■ Directions
Transcribe the listing verbatim. Do not carry over any pictures.

■ Record set
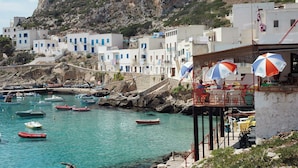 A coastal town with buildings, boats, and a rocky hillside. - Hiera - Two Bedroom Villa, Sleeps 4 (Marettimo)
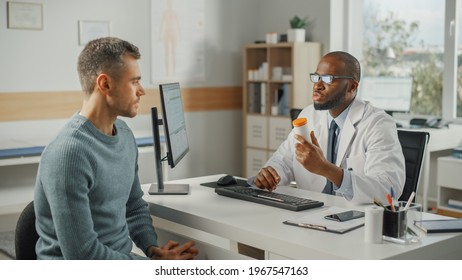 African American Family Doctor Is Talking With Young Male Patient During Consultation In A Health Clinic. Black Physician In Lab Coat And Glasses Sitting Behind A Computer Desk In Hospital Office.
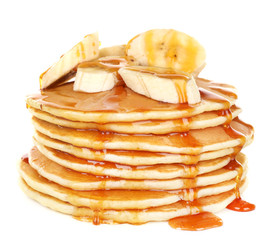 Stack of delicious pancakes with slices of banana and honey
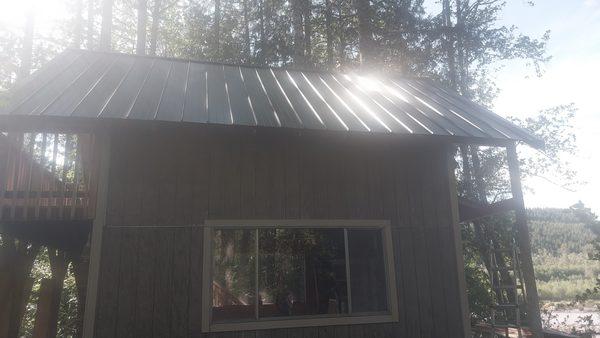 New metal roof, trim, decks, stairs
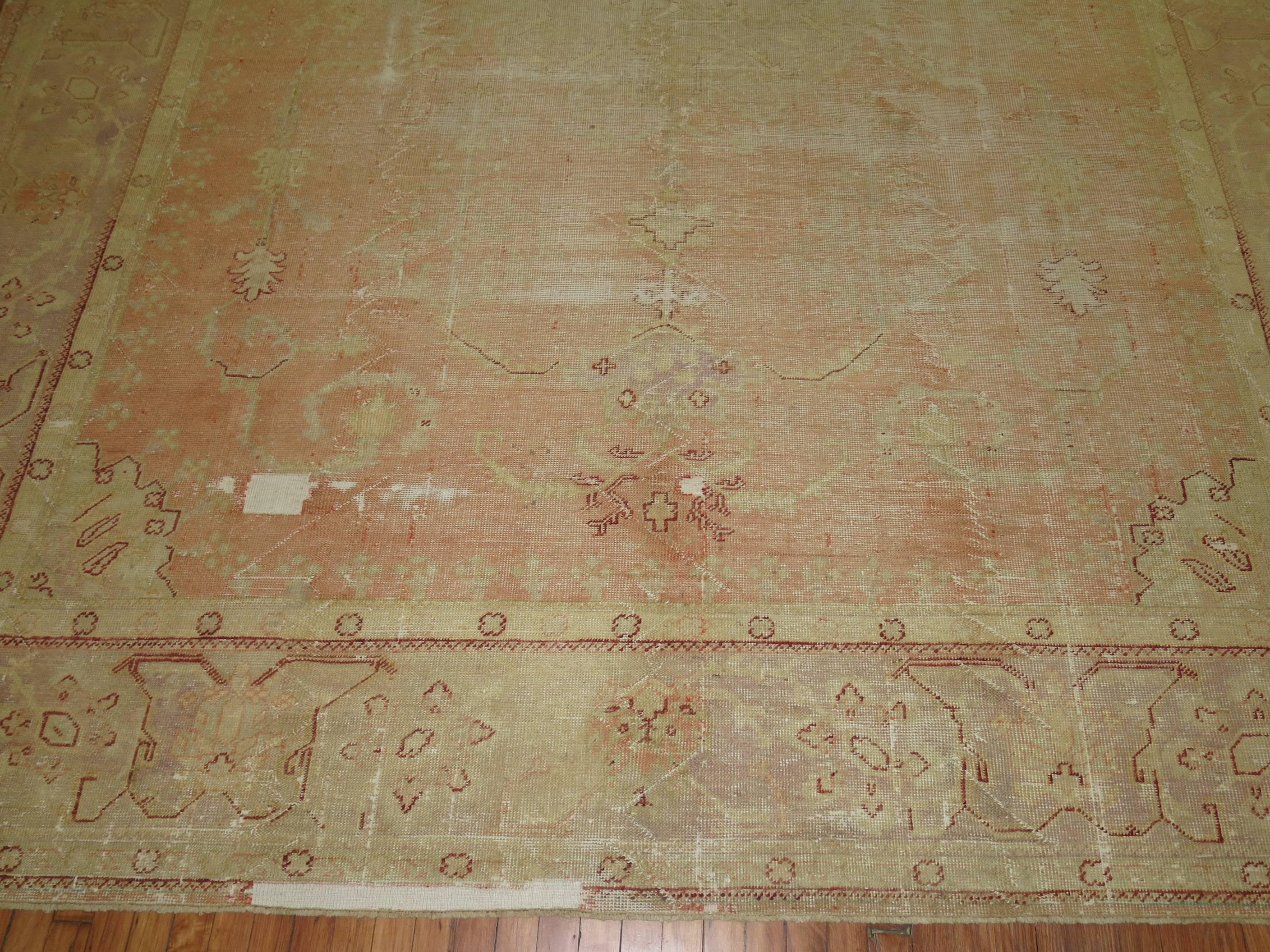 Hand-Woven Shabby Chic Antique Oushak Carpet For Sale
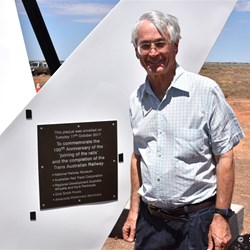 Dick Smith proudly stand along side the new plaque on the Memorial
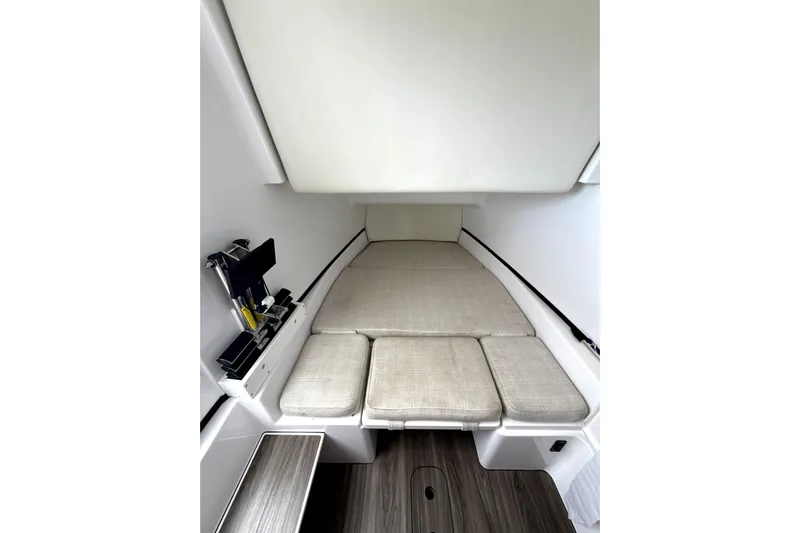 Scungilli Yacht Photos Pics 2023 Sportsman Open 352 Center Console cabin interior with cushioned seating and storage.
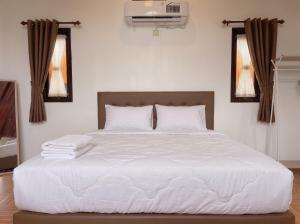 a bed with white sheets and pillows in a bedroom at Heavenly 2 - Private Triangle in Bandung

■ Solution to this task
 A coastal town with buildings, boats, and a rocky hillside. - Hiera - Two Bedroom Villa, Sleeps 4 (Marettimo)
 African American Family Doctor Is Talking With Young Male Patient During Consultation In A Health Clinic. Black Physician In Lab Coat And Glasses Sitting Behind A Computer Desk In Hospital Office.
 Stack of delicious pancakes with slices of banana and honey
 New metal roof, trim, decks, stairs
 Hand-Woven Shabby Chic Antique Oushak Carpet For Sale
 Dick Smith proudly stand along side the new plaque on the Memorial
 Scungilli Yacht Photos Pics 2023 Sportsman Open 352 Center Console cabin interior with cushioned seating and storage.
 a bed with white sheets and pillows in a bedroom at Heavenly 2 - Private Triangle in Bandung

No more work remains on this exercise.